SPSS Statistics Table output showing values of skewness, kurtosis, standard error of skew, and standard error of kurtosis

3.20 Population Parameters versus Sample Statistics

Remember that we previously distinguished between populations and samples. When you are summarizing data collected from your entire population, then you should use formulas for population parameters. When you used sampling to collect your data (that is, it does not include all members of the population), you should use sample statistics. Any time the dataset represents a subset of the population, sample statistics should be used.

SPSS always computes sample statistics.

For central tendency, the calculations were the same for samples and populations. When calculating an index of variability, you have to select the proper formula. Samples tend to have smaller variance than their underlying populations. Because the purpose of a sample is to represent its population, the sample statistics are corrected to adjust for this tendency. This adjustment is called Bessel’s correction. This correction is an approximation; it is not a perfect correction for sample statistics.

3.21 Range

Range is the difference between the highest and lowest number. If the lowest I.Q. score you measured was 80 and the highest I.Q. score you measured was 110, then the range is 30 IQ points. Higher range means that the data is more spread out; lower range means that the data is closer together.

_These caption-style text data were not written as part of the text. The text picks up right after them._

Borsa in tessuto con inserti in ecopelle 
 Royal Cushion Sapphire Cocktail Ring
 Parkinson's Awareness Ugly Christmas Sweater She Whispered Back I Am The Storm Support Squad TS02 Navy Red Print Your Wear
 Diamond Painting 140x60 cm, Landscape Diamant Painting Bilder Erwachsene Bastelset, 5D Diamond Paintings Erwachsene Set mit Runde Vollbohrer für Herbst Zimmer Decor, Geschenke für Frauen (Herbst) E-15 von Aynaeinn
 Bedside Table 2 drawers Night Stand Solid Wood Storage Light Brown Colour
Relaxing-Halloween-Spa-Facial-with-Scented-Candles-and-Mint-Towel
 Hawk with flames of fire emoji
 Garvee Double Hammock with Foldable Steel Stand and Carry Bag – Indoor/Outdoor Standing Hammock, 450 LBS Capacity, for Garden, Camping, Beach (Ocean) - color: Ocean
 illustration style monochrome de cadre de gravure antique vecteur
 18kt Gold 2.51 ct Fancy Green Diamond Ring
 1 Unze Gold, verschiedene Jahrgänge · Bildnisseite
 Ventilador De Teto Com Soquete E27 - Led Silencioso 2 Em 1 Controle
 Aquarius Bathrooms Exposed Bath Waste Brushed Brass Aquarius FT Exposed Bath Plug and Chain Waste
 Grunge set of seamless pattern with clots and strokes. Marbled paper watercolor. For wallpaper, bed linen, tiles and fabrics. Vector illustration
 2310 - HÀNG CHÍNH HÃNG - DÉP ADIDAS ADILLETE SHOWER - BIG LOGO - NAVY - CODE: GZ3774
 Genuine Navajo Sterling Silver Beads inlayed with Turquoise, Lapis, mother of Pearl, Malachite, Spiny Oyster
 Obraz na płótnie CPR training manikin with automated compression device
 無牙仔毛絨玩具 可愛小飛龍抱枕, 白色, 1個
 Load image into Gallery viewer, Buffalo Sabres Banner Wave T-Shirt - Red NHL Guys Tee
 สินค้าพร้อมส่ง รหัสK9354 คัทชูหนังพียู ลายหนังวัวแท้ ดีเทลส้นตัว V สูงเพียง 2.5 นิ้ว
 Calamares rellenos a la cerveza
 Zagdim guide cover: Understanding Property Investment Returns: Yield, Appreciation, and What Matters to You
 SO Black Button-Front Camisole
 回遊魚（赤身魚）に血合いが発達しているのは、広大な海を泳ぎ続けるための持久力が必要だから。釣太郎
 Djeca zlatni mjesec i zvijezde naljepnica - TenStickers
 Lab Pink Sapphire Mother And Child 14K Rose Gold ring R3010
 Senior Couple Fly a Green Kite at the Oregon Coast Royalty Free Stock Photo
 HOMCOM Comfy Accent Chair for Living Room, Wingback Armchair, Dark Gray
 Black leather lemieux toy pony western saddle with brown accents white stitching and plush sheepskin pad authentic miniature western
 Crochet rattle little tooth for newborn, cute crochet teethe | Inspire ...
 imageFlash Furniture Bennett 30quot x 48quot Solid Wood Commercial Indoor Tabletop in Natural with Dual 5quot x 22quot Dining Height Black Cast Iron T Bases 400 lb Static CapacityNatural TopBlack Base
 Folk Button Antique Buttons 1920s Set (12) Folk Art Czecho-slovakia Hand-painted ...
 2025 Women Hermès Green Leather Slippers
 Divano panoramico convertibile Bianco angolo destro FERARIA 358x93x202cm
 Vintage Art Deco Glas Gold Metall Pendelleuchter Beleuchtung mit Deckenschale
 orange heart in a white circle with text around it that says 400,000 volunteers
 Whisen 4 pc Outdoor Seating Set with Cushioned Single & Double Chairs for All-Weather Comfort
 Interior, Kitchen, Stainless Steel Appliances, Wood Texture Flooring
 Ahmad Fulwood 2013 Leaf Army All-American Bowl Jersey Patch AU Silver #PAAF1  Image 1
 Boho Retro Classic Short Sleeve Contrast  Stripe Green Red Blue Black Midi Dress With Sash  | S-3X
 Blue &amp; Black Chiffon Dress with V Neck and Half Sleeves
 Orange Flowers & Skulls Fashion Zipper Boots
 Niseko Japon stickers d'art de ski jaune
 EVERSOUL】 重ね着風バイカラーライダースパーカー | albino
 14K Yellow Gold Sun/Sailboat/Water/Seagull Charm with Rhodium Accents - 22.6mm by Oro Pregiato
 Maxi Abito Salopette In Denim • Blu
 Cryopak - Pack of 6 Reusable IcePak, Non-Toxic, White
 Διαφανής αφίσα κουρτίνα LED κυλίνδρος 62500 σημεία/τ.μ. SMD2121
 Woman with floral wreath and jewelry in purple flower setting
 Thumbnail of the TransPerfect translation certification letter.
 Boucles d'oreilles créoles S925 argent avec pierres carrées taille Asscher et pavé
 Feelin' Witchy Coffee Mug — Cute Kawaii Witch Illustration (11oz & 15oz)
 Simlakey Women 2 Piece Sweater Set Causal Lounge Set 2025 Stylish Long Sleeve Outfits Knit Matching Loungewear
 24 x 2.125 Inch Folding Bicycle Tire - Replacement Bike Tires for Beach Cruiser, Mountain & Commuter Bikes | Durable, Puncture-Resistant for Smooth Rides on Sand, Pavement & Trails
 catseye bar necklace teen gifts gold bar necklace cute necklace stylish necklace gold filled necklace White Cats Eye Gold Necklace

Range is measured in the same units as the variable. So in the previous example, the range was 30 IQ points.

While range measures the width of the histogram, it is only affected by two scores: the endpoints. It also tends to fluctuate with the group size.

3.22 Interquartile Range

Closely related to range is the interquartile range (IQR). It is the difference between the upper (Q3) and lower (Q1) quartiles. How do you get the quartiles? Q2 is the median. Q1 is the “median” of all the data below the real median. Q3 is the “median” of all the data above the real median. Some methods include the median when computing the quartiles, but most calculators do not. There is no one right method, unfortunately. Q3 – Q1 = interquartile range.

3.23 Box Plots

Box plots are a handy way to show the quartiles, IQR, and range. In a box plot, these values are drawn to scale:

  • Minimum value
  • Q1
  • Q2 (the median)
  • Q3
  • Maximum value

Be sure to also include a scale along the bottom.

3.24 Sum of Squares

Sum of squares is the sum of all squared deviations from the mean. The idea is to find the total deviations from the mean. If we just added all deviations from the mean, we would always get zero—the sum of all deviations from the mean always equals zero (it’s the balance point, after all). Squaring each deviation (distance from the mean) solves this problem.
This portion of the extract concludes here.